* _What to do_: From the records below, transcribe exactly the lines that begin at the line with "Gefu Spätzlelöffel schwarz" and end at the line with "1st kiss – I", both included.

* _Entries supplied_:
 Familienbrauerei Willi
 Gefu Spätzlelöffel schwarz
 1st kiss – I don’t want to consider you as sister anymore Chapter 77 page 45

---

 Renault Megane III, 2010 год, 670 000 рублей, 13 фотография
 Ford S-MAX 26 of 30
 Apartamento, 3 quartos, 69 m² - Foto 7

==

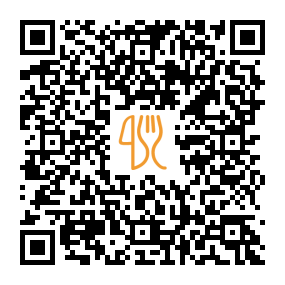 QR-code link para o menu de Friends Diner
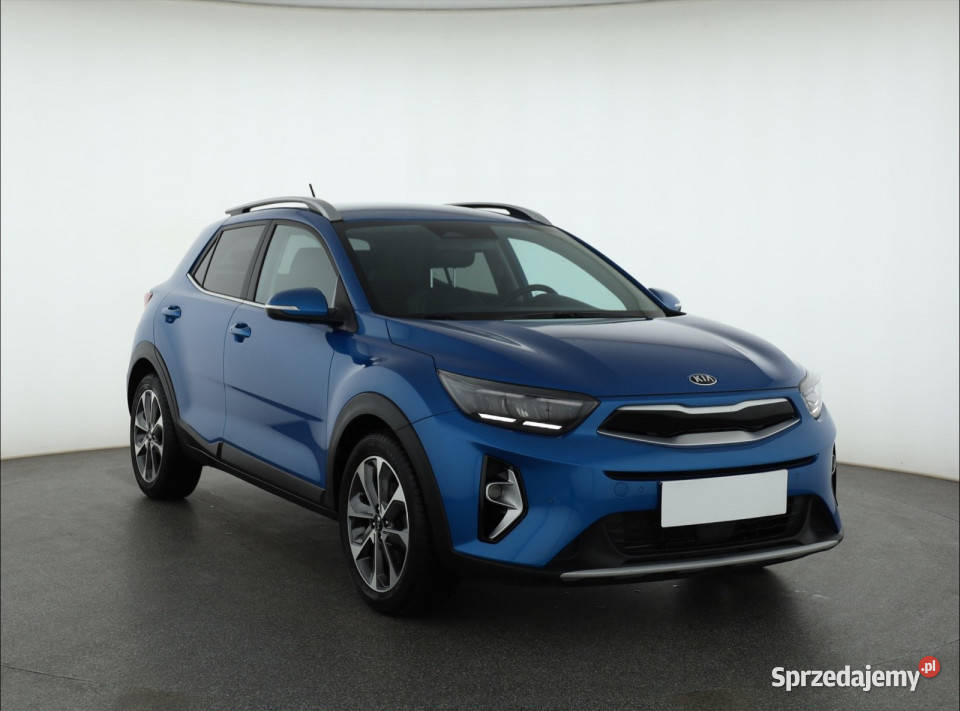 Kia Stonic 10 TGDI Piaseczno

* _Expected answer_:
 Gefu Spätzlelöffel schwarz
 1st kiss – I don’t want to consider you as sister anymore Chapter 77 page 45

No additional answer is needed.